British Prime Minister Theresa May backed her foreign minister Boris Johnson after reports he could quit over her Brexit strategy, it has been reported.
Sky News reporter Beth Rigby said on Twitter that, when asked whether Mr Johnson should be sacked, Mrs May said: "Boris is doing good work as Foreign Secretary."
It comes after Mr Johnson dismissed suggestions he might resign as British Foreign Secretary and denied the Cabinet is split over Brexit, insisting: "We are a nest of singing birds."
He spoke out amid reports he might quit over differences with Mrs May about the kind of Brexit deal the UK should strike.
His comments came after days of speculation about rifts at the top of government sparked by the publication of his personal blueprint for Brexit in the Daily Telegraph at the weekend.
Asked if there was a Cabinet split on Europe, Mr Johnson said: "No, we are a Government working together. We are a nest of singing birds."
And asked directly if he would resign, he replied: "No."
Mr Johnson said: "We are working together, that is the key thing, to make sure that Britain can take advantage of the opportunities of Brexit."
Mr Johnson is due to see Mrs May for the first time since his Telegraph article as the pair attend the United Nations General Assembly in New York.
Mrs May's Cabinet will meet on Thursday to be briefed on her plans for Brexit ahead of a major speech on the subject in Italy on Friday.
Today, she said she was confident of getting her whole senior team of ministers to back her Brexit strategy.
A Telegraph report - dismissed as "mischief" by allies of the Foreign Secretary - suggested Mr Johnson would be prepared to quit by the weekend if Mrs May concedes too much to the European Union in her efforts to secure a trade deal.
Mr Johnson's intervention - and speculation about his future - has dominated the run-up to the crucial Brexit speech being delivered by Mrs May in Florence.
Billed as the PM's most important update to the government's position since January, the speech is thought likely to include an attempt to break the deadlock over the UK's financial settlement.
Speculation has been mounting she will offer to pay tens of billions of pounds to the EU during a two to three-year transition deal after the UK's formal exit in 2019.

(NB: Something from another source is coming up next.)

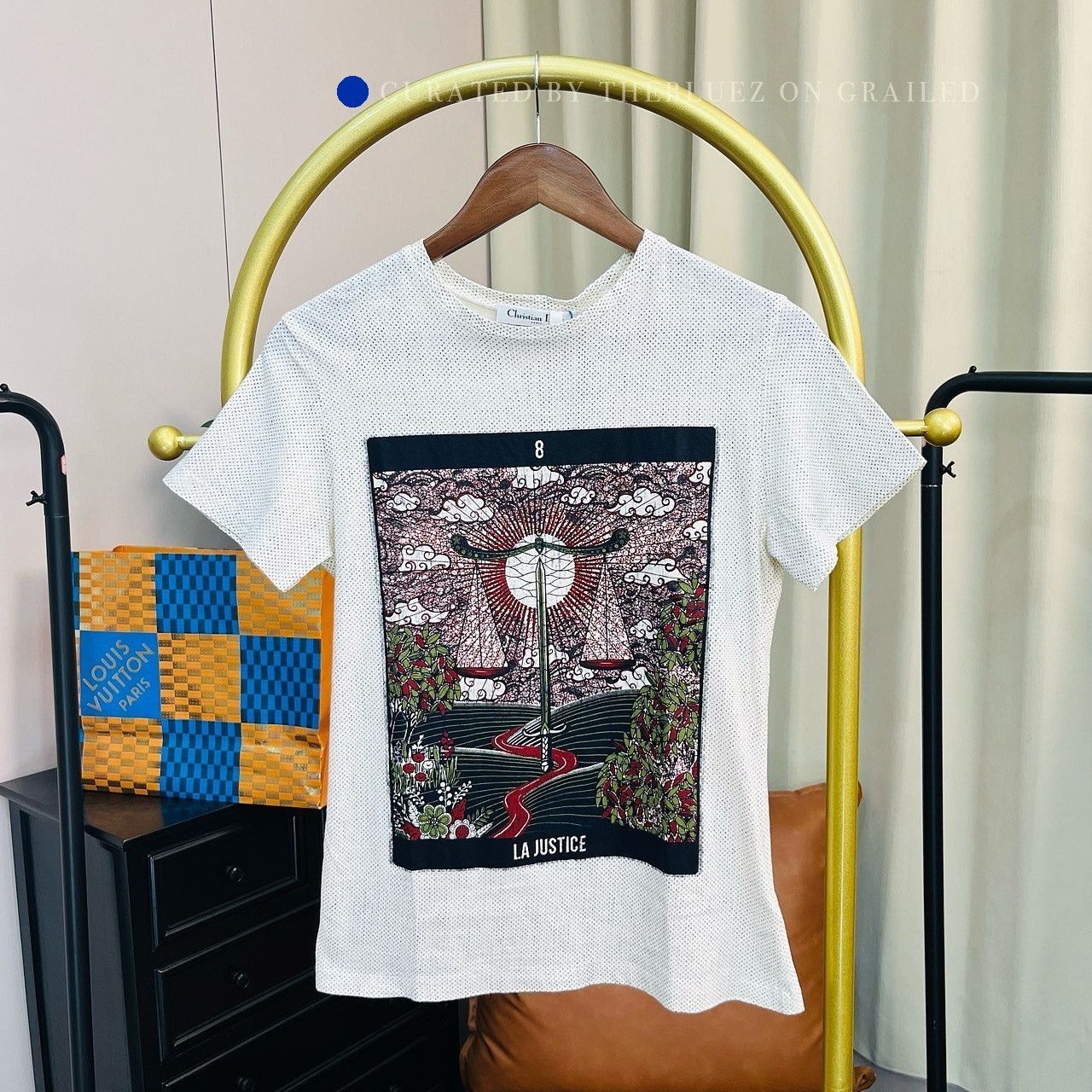 Dior La Justice Graphic T-Shirt in White Size US XS / EU 42 / 0 - 1 Thumbnail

Mr Johnson is understood to accept the idea of the UK paying its dues to Brussels during a transition period - but not for continued payments for access to the European single market on a permanent basis.
Veteran Tory Europhile Ken Clarke said Mr Johnson should have faced the sack for his Brexit intervention.
Former chancellor Mr Clarke said: "Sounding off personally in this way is totally unhelpful and he shouldn't exploit the fact she hasn't got a majority in Parliament, and he knows perfectly well that normally the Foreign Secretary would be sacked for doing that - and she, unfortunately, after the general election, is not in the position easily to sack him - which he should stop exploiting."